Und natürlich ist allen an so was beteiligten sonnenklar, dass sie mit solchen Aktionen Zielmarkierer für rechtsbraune Horden sind, die dann mit Morddrohungen und Gewaltphantasien zur Stelle sind. Ließ sich kürzlich erst studieren an der Kindergarten-Aktion des Ex-JU-Vorsitzenden Tilman Kuban, der im Geiste vermutlich noch nie jünger war als 60. Pardon, aber wer mir im Jahr 2023 erzählen will, das sei ein Versehen gewesen und man habe gar nicht gewusst, was das auslöst, soll bitte jemand anderen verarschen gehen.

(Fun fact: Die Lesung in der Münchner Stadtbibliothek war eine freiwillige Veranstaltung, zu der niemand gezwungen wurde. Aber wen interessieren schon lästige Details?)

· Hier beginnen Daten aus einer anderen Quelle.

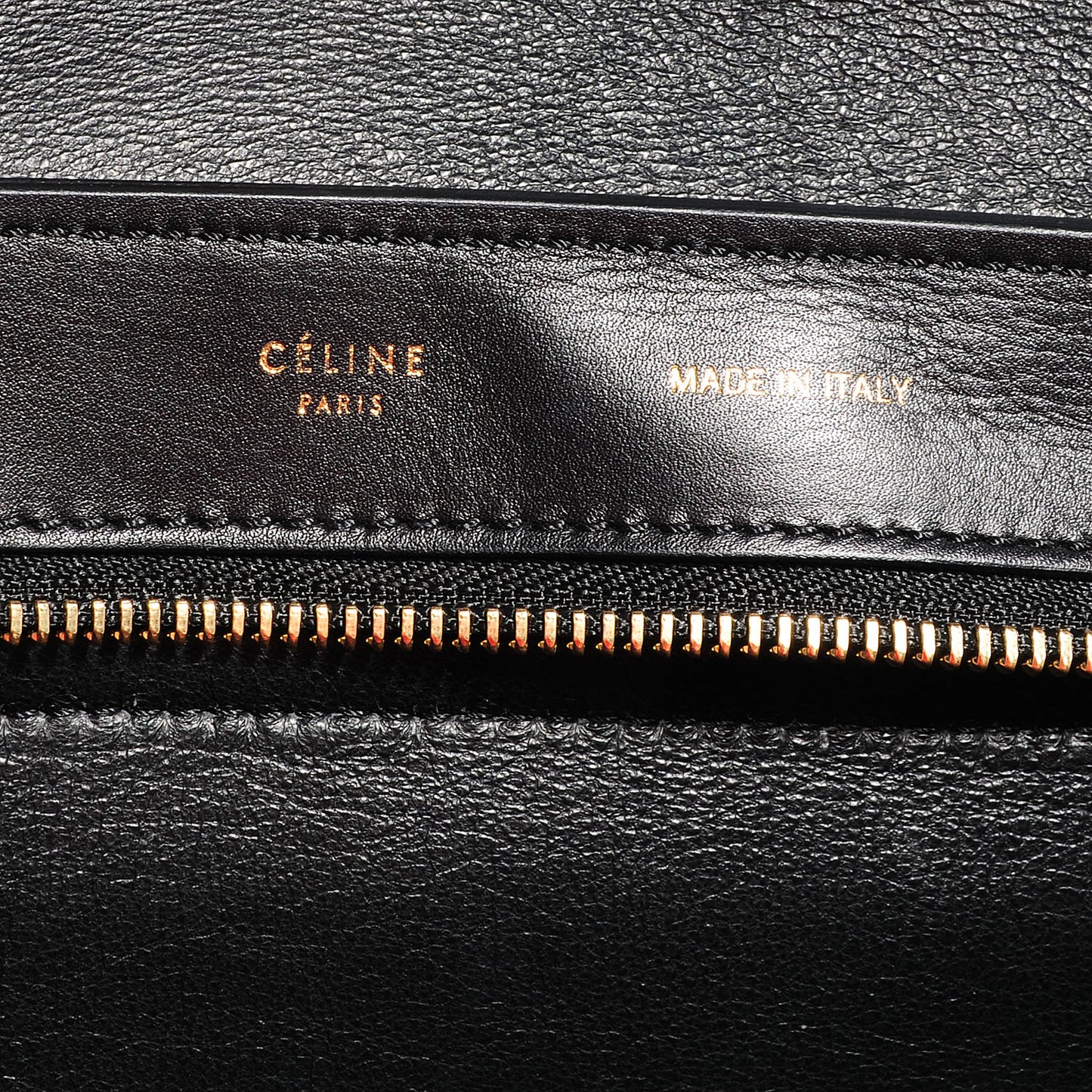 Python and Calfskin Small Trapeze Black Natural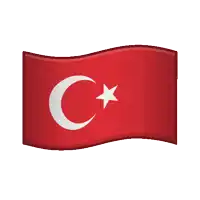 a red flag with a crescent moon and a star on it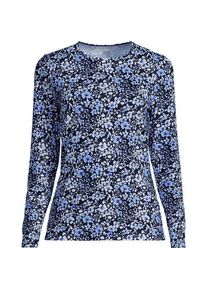 LANDS' END Schnelltrocknendes UPF 50 Sonnenschutz-Gartenshirt, Damen,  Blau, Nylon-Mischung, by Lands' End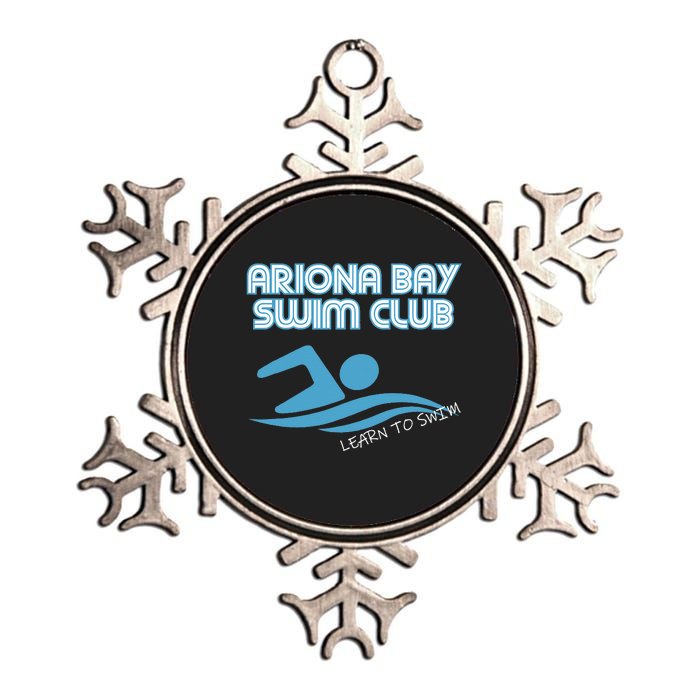 Arizona Bay Swim Club Learn To Swim Team Metallic Star Ornament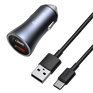 Set încărcător auto BASEUS Golden Pro 2xUSB 40W + cablu USB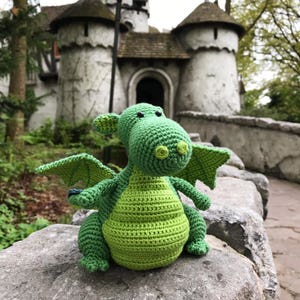 Yoki the dragon amigurumi crochet pattern image 3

Zumal Torsch hier völlig recht hat. Der Anblick einer Drag Queen bzw. eines Drag Kings ist für halbwegs unverplemmte Kinder in der Regel nichts Furchterregendes oder Ekliges, sondern vor allem etwas Buntes und Exotisches. Ein bisschen wie Karneval. Die Angst davor muss ihnen erst beigebracht und als 'natürlich' geframt werden. (Merke: Menschen, die keine Angst haben, sind schwerer manipulierbar.) Perfid, wie so oft bei Rechtskonservativen, die Doppelmoral dahinter. Liegt die eigentliche 'Frühsexualisierung' nicht gerade darin, dass Erwachsene kindliche Wahrnehmung derartig mit Sexuellem aufladen, dass sie befürchten, Kinder könnten allein durch den bloßen Anblick queerer Menschen bereits vom rechten Wege abkommen?

Die Kinder erscheinen permanent bedroht durch seltsame Gestalten von außen, vor denen sie beschützt werden müssen. Zu unserer Zeit waren das unter anderem Einflüsterungen (angeblich) linksextremer Lehrer und Sozialarbeiter und der 'Böse Onkel', der uns am Spielplatz auflauerte, um sich an uns zu vergehen, die Familie war heilig. (Nun ist Kindesmissbrauch durch Fremde natürlich keineswegs zu verharmlosen, aber man sollte schon erwähnen, dass die meisten Fälle von Kindesmissbrauch im sozialen Nahfeld passieren und durch Vertrauenspersonen verübt werden.)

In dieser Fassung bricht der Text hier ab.